DESCRIPTION OF THE TASK
Where the line containing "Maître-autel de l'église" appears below, start there and repeat each line exactly to the end. Leave the pictures out.

== Segment start ==

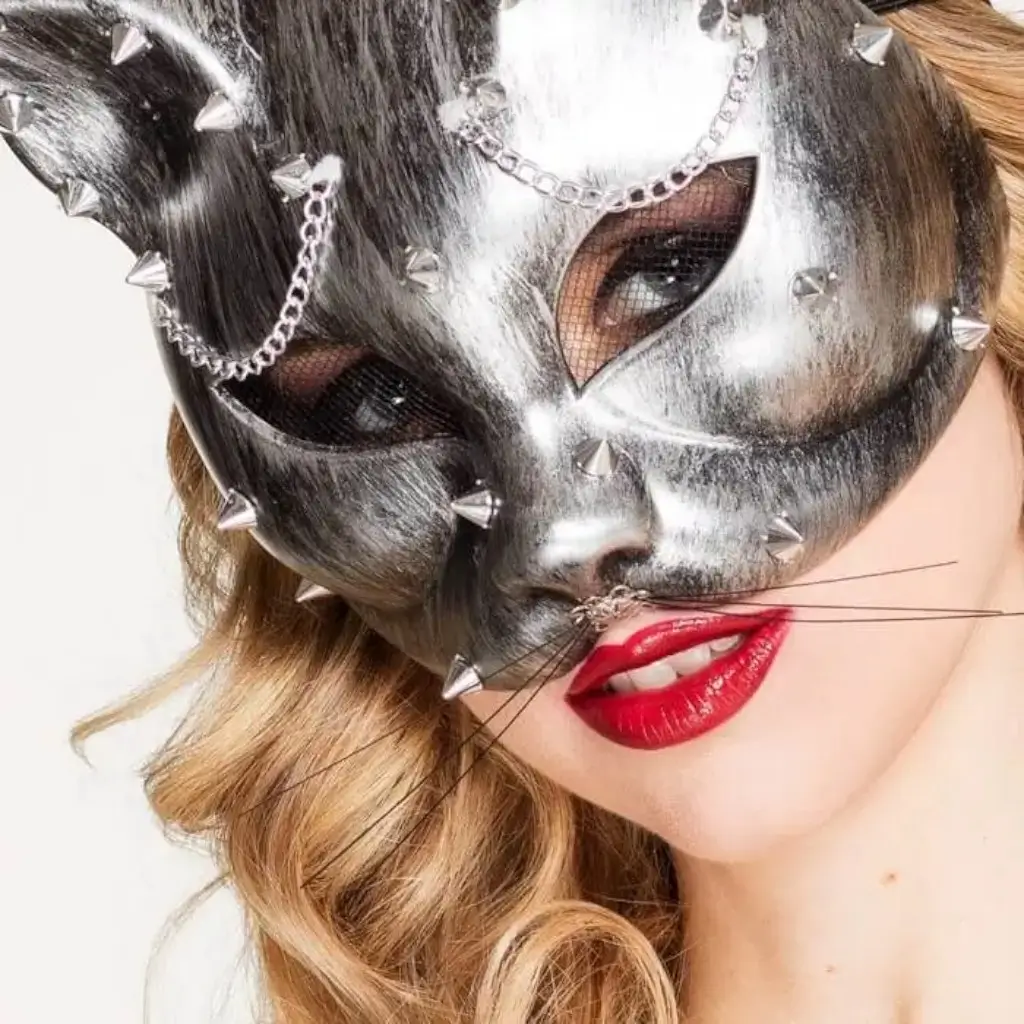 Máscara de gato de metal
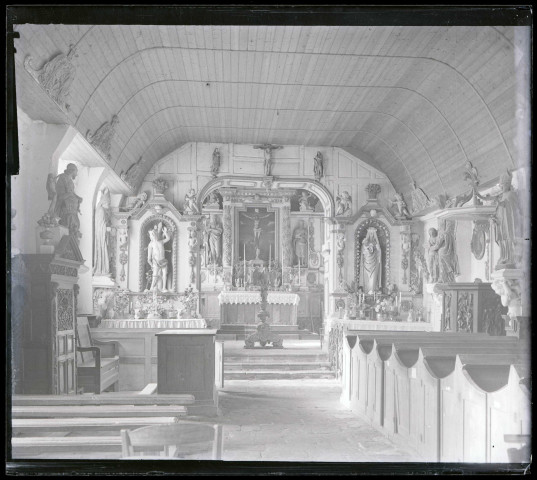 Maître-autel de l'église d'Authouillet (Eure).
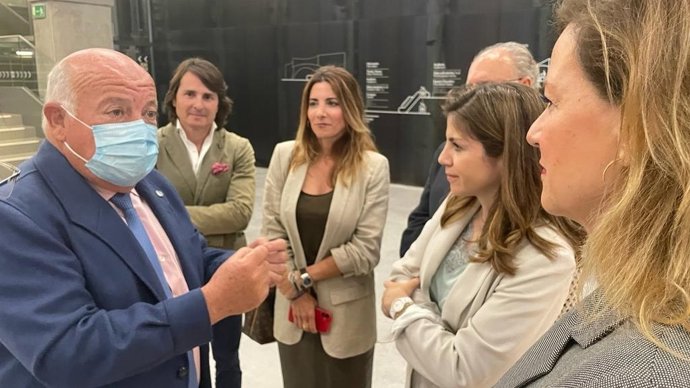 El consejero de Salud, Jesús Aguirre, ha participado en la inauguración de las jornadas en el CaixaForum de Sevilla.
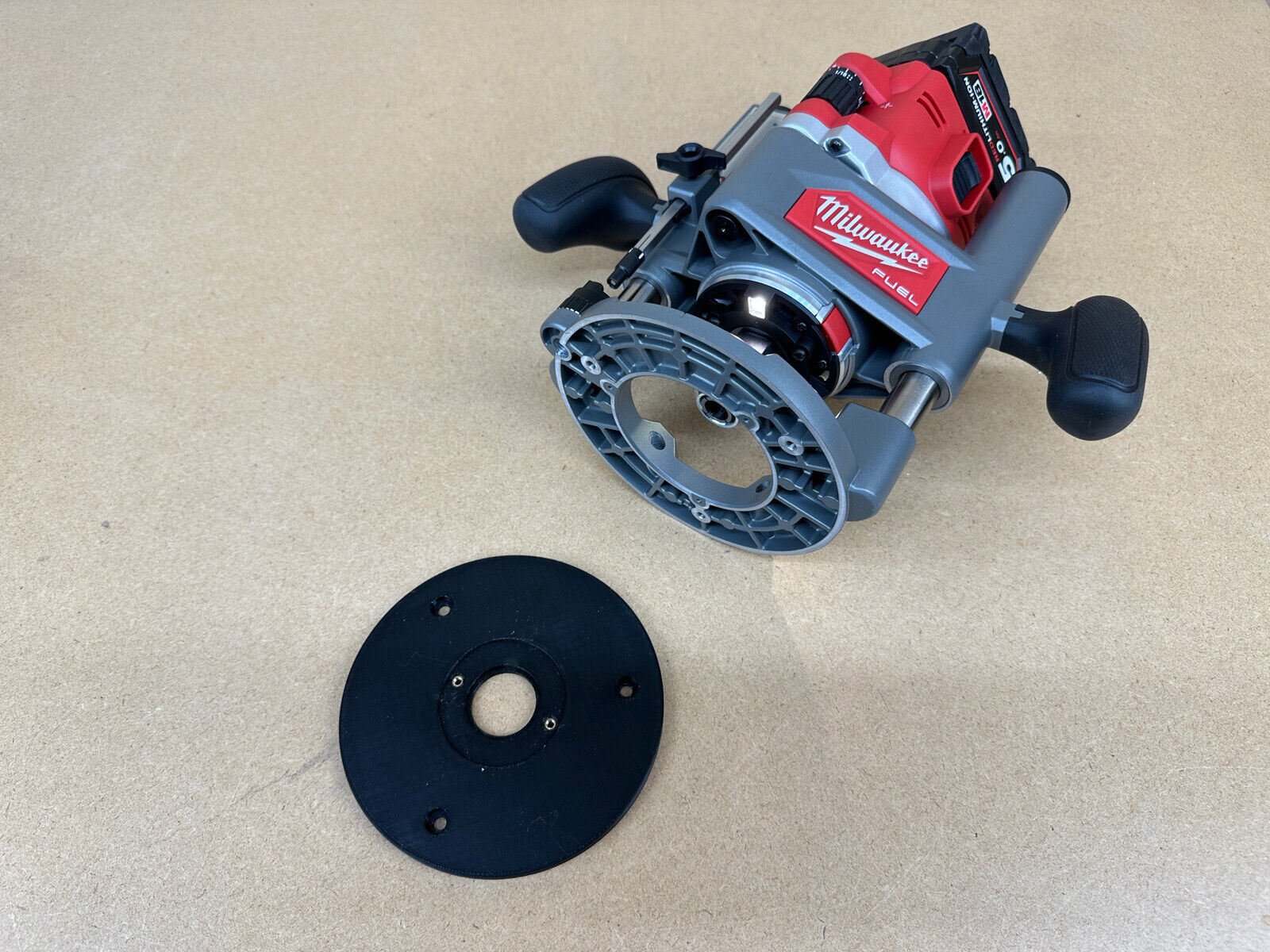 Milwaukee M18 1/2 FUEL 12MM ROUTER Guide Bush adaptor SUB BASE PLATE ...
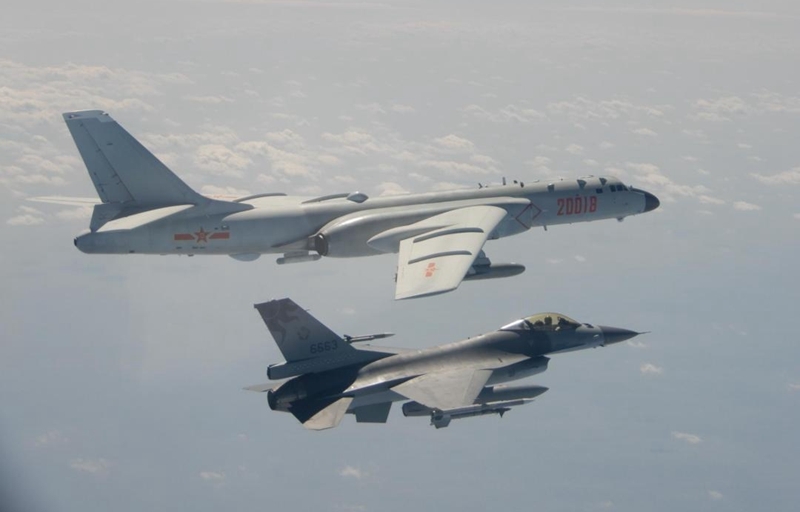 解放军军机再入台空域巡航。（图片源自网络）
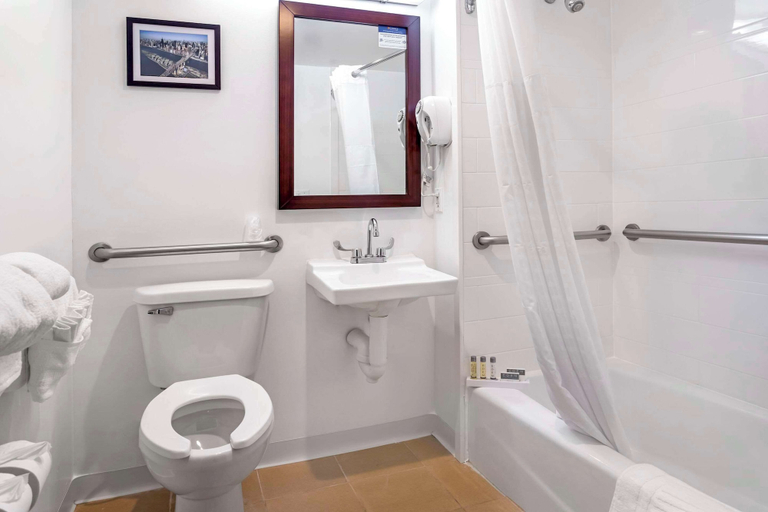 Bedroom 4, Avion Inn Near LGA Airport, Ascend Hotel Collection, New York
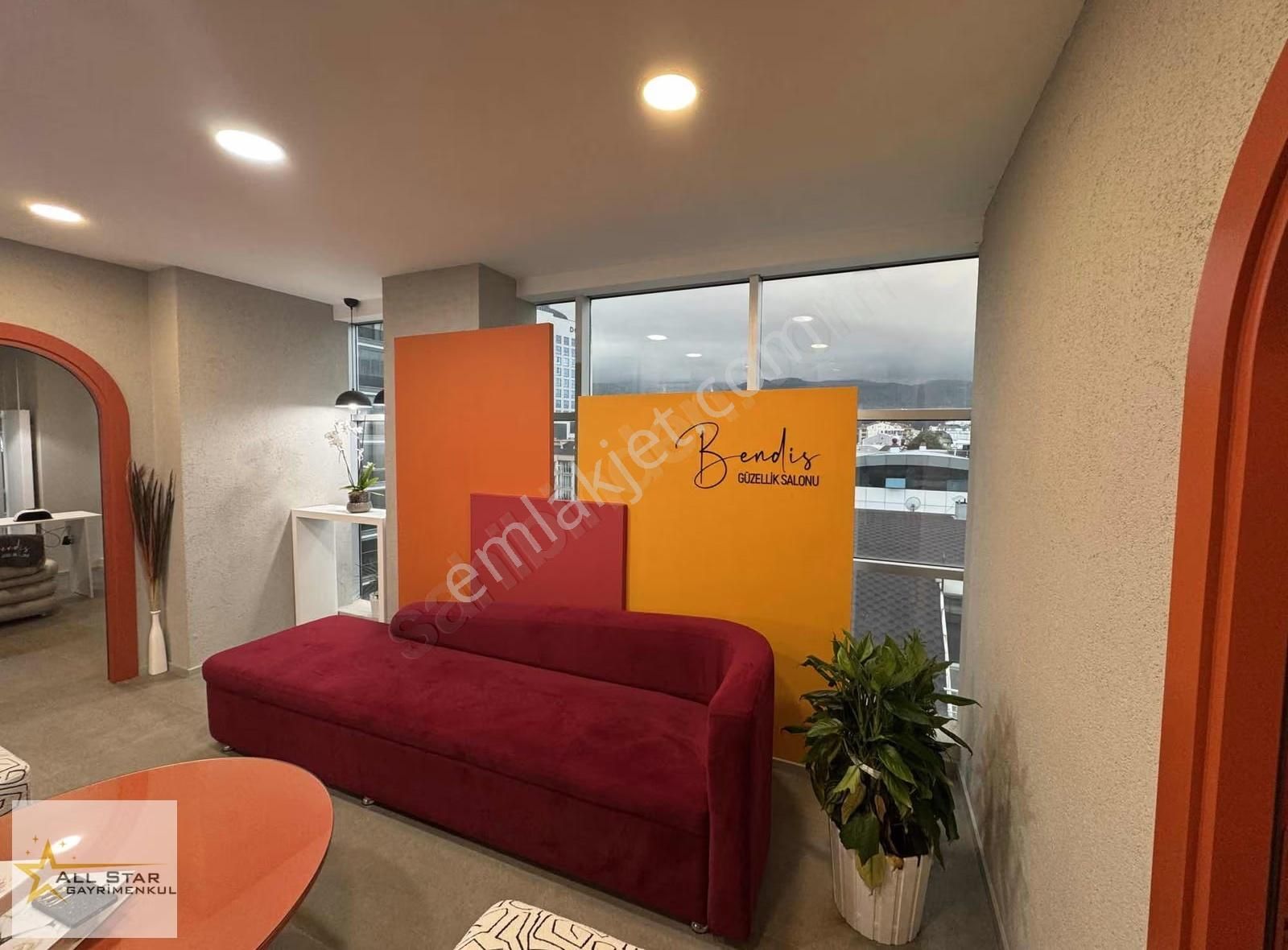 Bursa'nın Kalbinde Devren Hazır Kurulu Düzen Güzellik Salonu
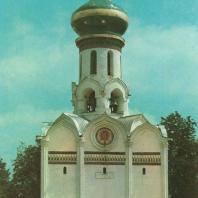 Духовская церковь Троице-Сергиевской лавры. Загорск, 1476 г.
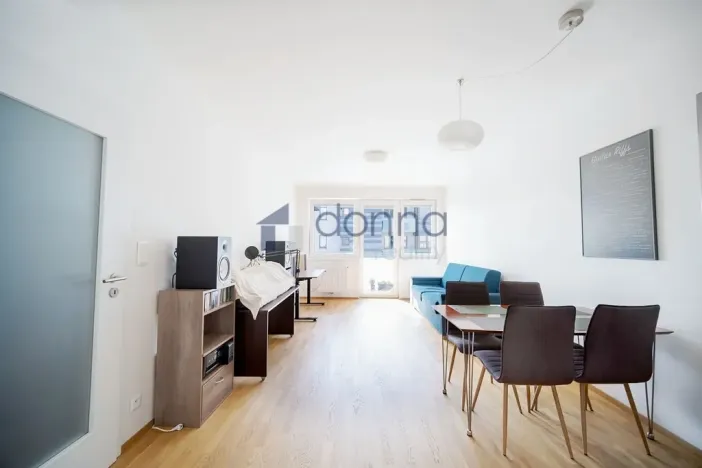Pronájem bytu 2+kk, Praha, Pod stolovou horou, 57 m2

== Segment end ==

WRITTEN RESPONSE
 Maître-autel de l'église d'Authouillet (Eure).
 El consejero de Salud, Jesús Aguirre, ha participado en la inauguración de las jornadas en el CaixaForum de Sevilla.
 Milwaukee M18 1/2 FUEL 12MM ROUTER Guide Bush adaptor SUB BASE PLATE ...
 解放军军机再入台空域巡航。（图片源自网络）
 Bedroom 4, Avion Inn Near LGA Airport, Ascend Hotel Collection, New York
 Bursa'nın Kalbinde Devren Hazır Kurulu Düzen Güzellik Salonu
 Духовская церковь Троице-Сергиевской лавры. Загорск, 1476 г.
Pronájem bytu 2+kk, Praha, Pod stolovou horou, 57 m2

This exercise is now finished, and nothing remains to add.